Im aktuellen OMR-Podcast mit Philipp Westermeyer, Gründer und Geschäftsführer von OMR, gibt Maximilian Wühr, CEO von Finn, Einblicke in die Gründung, das Geschäftsmodell und die Herausforderungen seines Unternehmens. Finn, ein Anbieter von Auto-Abonnements, hat sich innerhalb weniger Jahre zu einem bedeutenden Player auf dem deutschen Mobilitätsmarkt entwickelt. Und blickt nun auch ins europäische Ausland.

Maximilian Wühr und sein Team gründeten Finn vor fünf Jahren, um eine neue Art der Auto-Mobilität zu schaffen. „Wir bieten ein Abo an, das zwischen sechs und 24 Monate dauert. Da kannst du dir online aus mehr als 150 verschiedenen Konfigurationen das perfekte Auto aussuchen, es in drei Minuten bestellen, und es wird vor die Haustür geliefert,“ erklärt Wühr. Das Geschäftsmodell von Finn zielt darauf ab, die Komplexität des Autobesitzes zu reduzieren, indem es sich um Wartung, Versicherung und Zulassung kümmert, sodass die Kunden sich nur aufs Fahren konzentrieren müssen.

Das Auto-Abonnement von Finn richte sich an Kunden, die Flexibilität und Komfort schätzen. Der durchschnittliche Kunde ist 42 Jahre alt und lebt oft in ländlichen Gebieten oder Vororten, wo individuelle Mobilität eine wichtige Rolle spielt. „Die Nutzererfahrung bei traditionellen Autokäufen oder Leasing ist immer noch nicht im 21. Jahrhundert angekommen. Das war die Chance, die wir gesehen haben,“ so Wühr gegenüber Westermeyer.

Kundenzufriedenheit und Beschwerden

Trotz der hohen Kundenzufriedenheit gibt es auch Kritikpunkte, insbesondere bei der Rückgabe von Fahrzeugen und der Schadensregulierung. „Wir berechnen 80 Prozent unserer Kosten an den Nutzer, was im Vergleich zu Leasingfirmen, die bis zu 200 Prozent der Kosten berechnen, moderat ist,“ erläutert Wühr hierzu. Dennoch fühlen sich einige Kunden unfair behandelt, was sich in gemischten Bewertungen auf Plattformen wie Trustpilot zeige. Diese Kritikpunkte betreffen oft die Handhabung von Schäden bei der Rückgabe der Fahrzeuge, obwohl Finn hier im Vergleich zu anderen Anbietern eher kulant sei.
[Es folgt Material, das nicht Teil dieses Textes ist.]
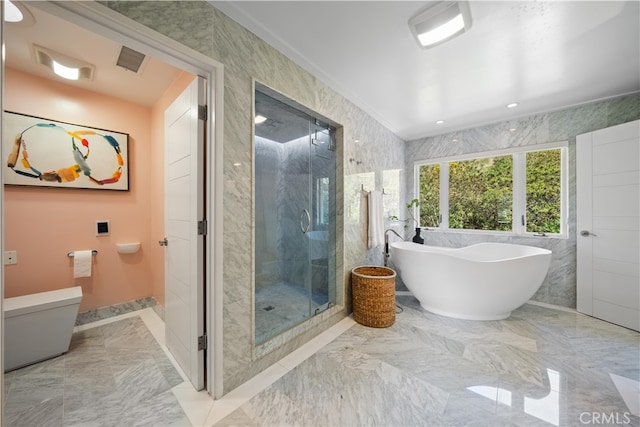 bathroom featuring plus walk in shower and toilet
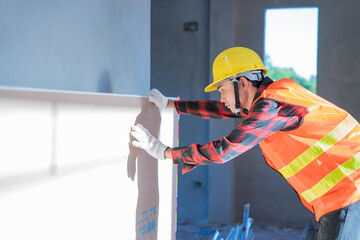 A craftsman wearing a yellow hard hat is inspecting building materials.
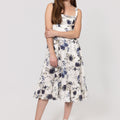 Woman wearing a floral Romantic Linen Midi Dress With Front Tie & Soft Ruffle on a white background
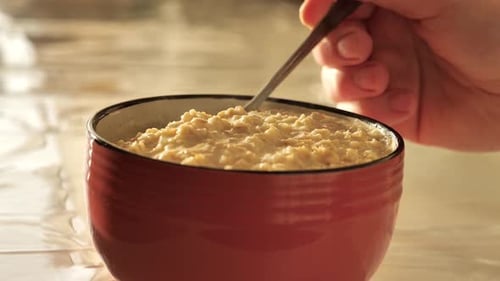 Oatmeal. Man stirring hot oatmeal in cup in sunny morning room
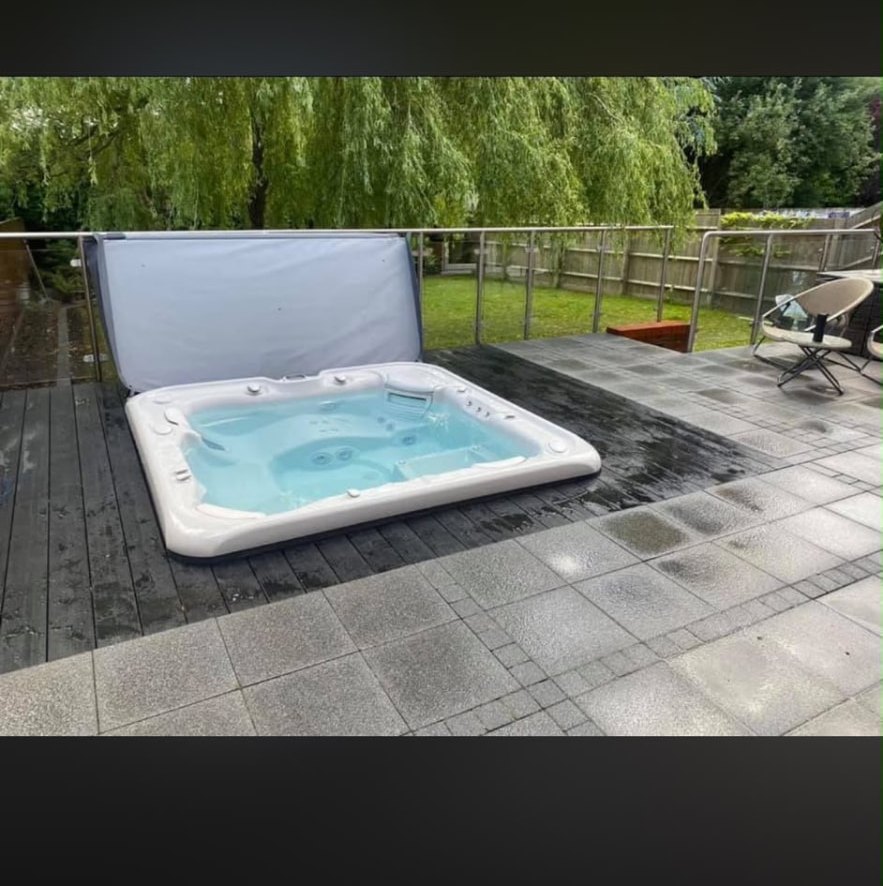 Hot tub set into composite decking beside paving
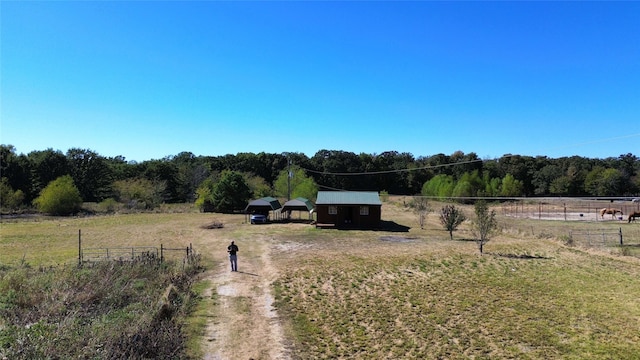 view of yard with a rural view, an outdoor structure, and fence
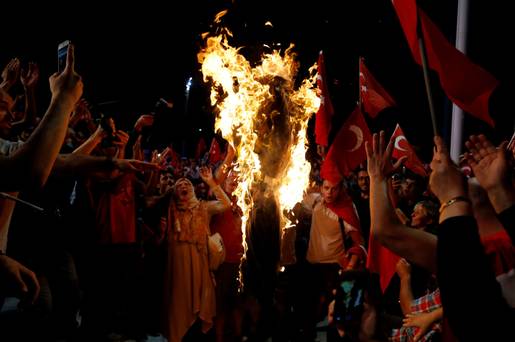 Supporters of Turkish President Tayyip Erdogan shout slogans over a burning effigy of US-based cleric Fethullah Gulen during a pro-government demonstration at Taksim Square in Istanbul Turkey on Wednesday night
Das Marketing von Finn basiert stark auf Online-Kanälen wie Paid Search und Social Media. „Wir kommen super weit mit Onlinemarketing, weil es keine richtige Alternative gibt, wo du online wirklich eine Transaktion machen kannst,“ sagt Wühr. Der Fokus liegt derzeit auf dem deutschen Markt, wobei eine Expansion ins europäische Ausland für 2025 geplant ist. Das US-Geschäft wurde zwar gestartet, aber aufgrund der hohen Kosten und Herausforderungen vorerst zurückgestellt. „Wir haben diese Chance gesehen. Auf dem US-Markt gab es keinen Wettbewerb, aber wir haben schnell gemerkt, dass die Kosten und der Aufwand extrem hoch sind,“ so der CEO von Finn.

Ein zentrales Thema im Podcast-Gespräch war die Bedeutung von Automatisierung für das Unternehmenswachstum. „Wir haben von Anfang an wahnsinnig viel auf Automatisierung gesetzt. Das ist auch eine meiner persönlichen Überzeugungen, dass das einerseits für die Prozesse mega gut ist, aber auch für eine Kultur mega gut ist,“ betont Wühr. Dies ermögliche es Finn, effizienter zu arbeiten und mehr Transaktionen pro Mitarbeiter abzuwickeln. Die Automatisierung helfe dabei, robustere Prozesse zu schaffen und eine vorhersagbare Leistung sicherzustellen.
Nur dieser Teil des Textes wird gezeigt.